**THE TASK**
With the pictures left out, reproduce exactly the lines running from the line with "Renault Mégane 1.5 dCi Dynamique Luxe - 15" to the last line of the material below.

**INFORMATION PROVIDED**
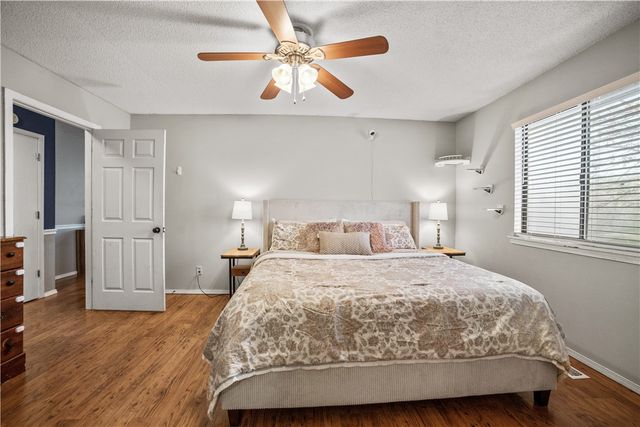 1 Stringer Lane, Bella Vista, AR 72715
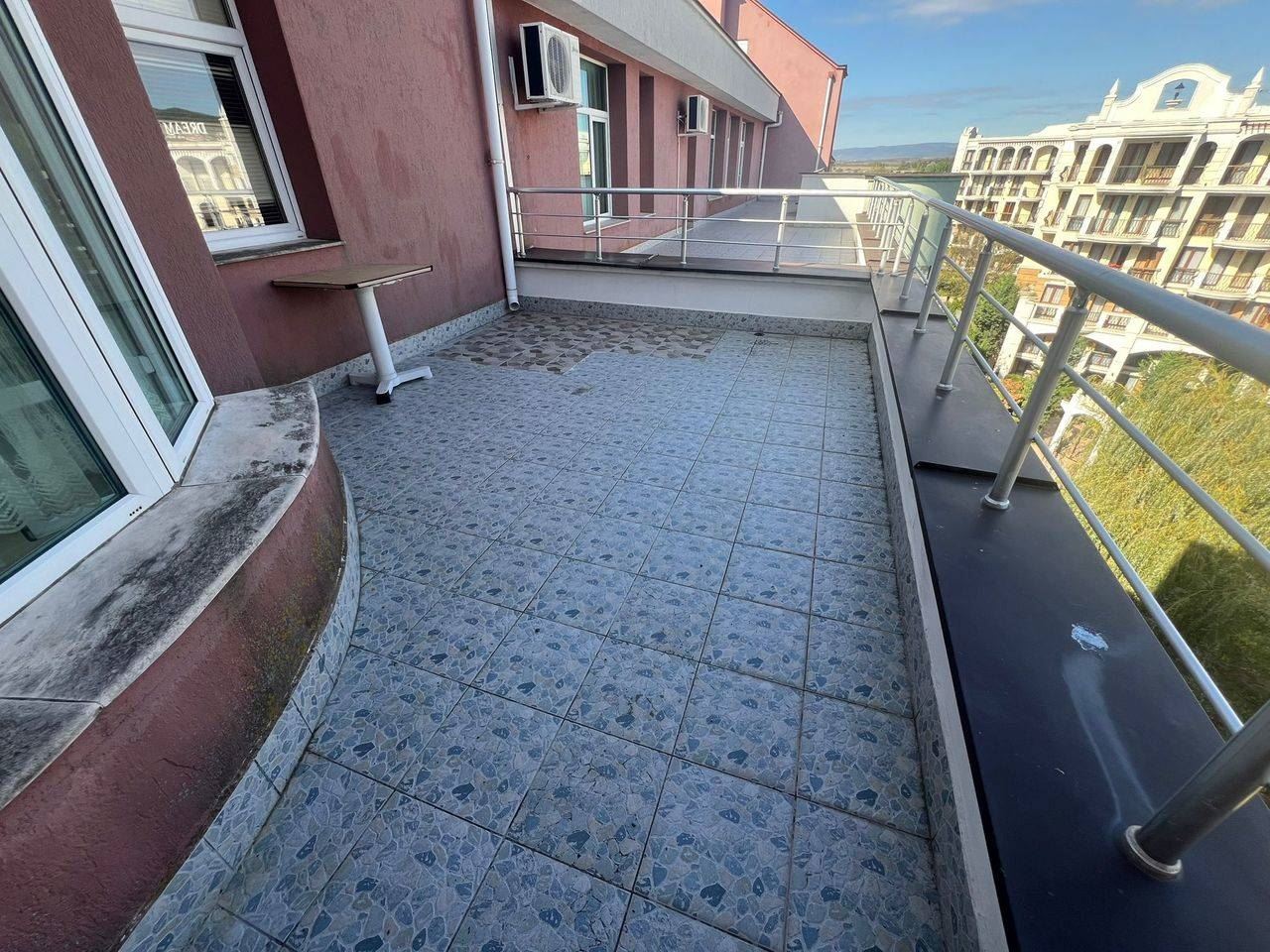 Przestronne mieszkanie z jedną sypialnią w Słonecznym Brzegu – komfort i przestrzeń w dobrze utrzymanym kompleksie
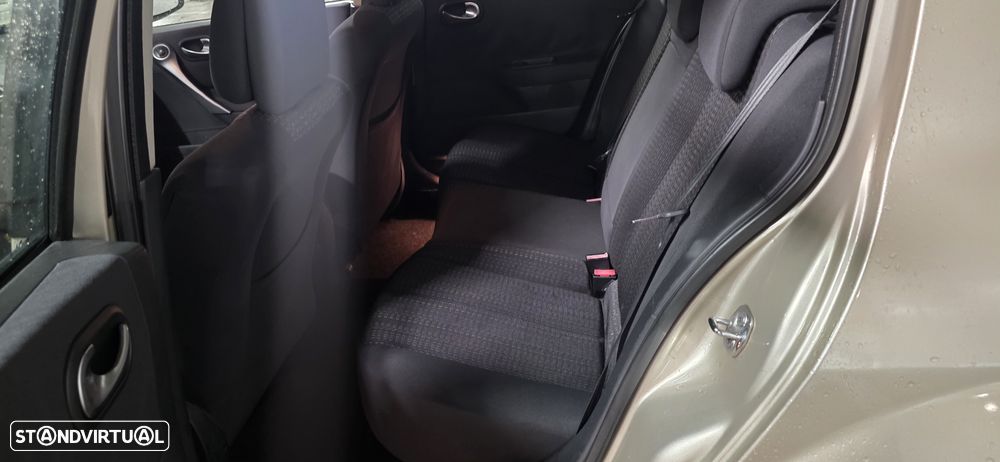 Renault Mégane 1.5 dCi Dynamique Luxe - 15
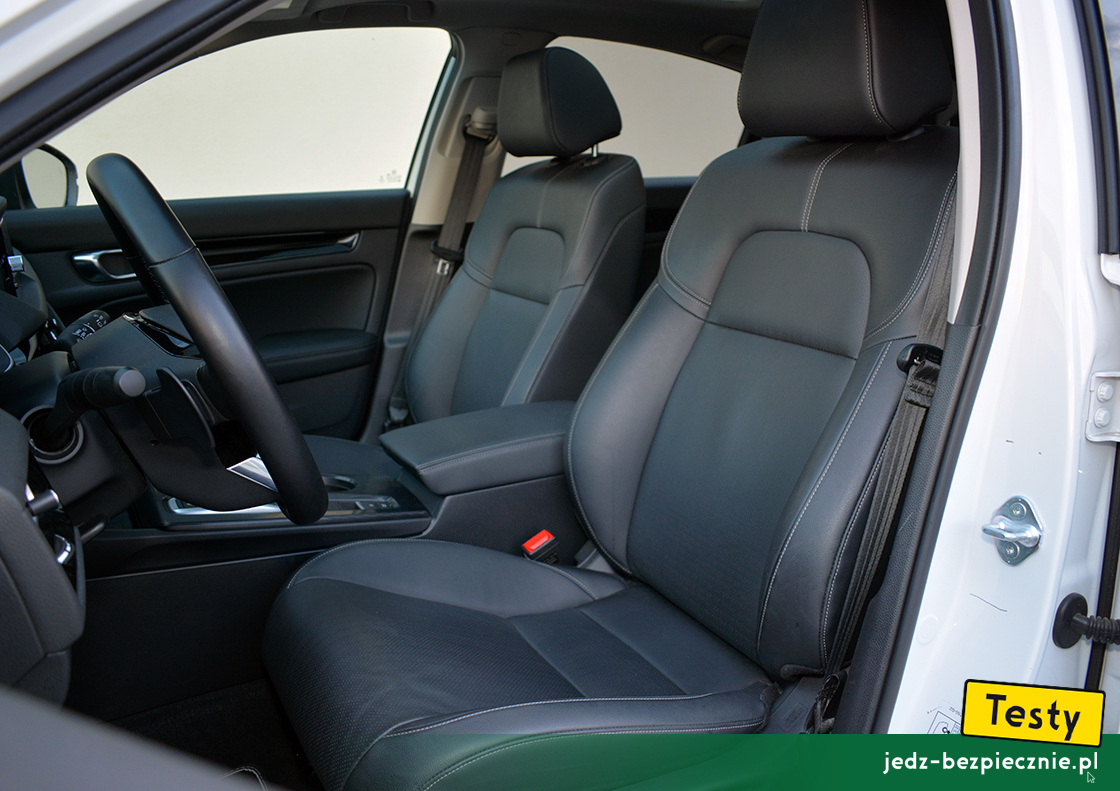 Testy - Honda Civic XI e:HEV - fotel kierowcy i pasażera, skórzana tapicerka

**RESULT FOR THIS EXERCISE**
 Renault Mégane 1.5 dCi Dynamique Luxe - 15
 Testy - Honda Civic XI e:HEV - fotel kierowcy i pasażera, skórzana tapicerka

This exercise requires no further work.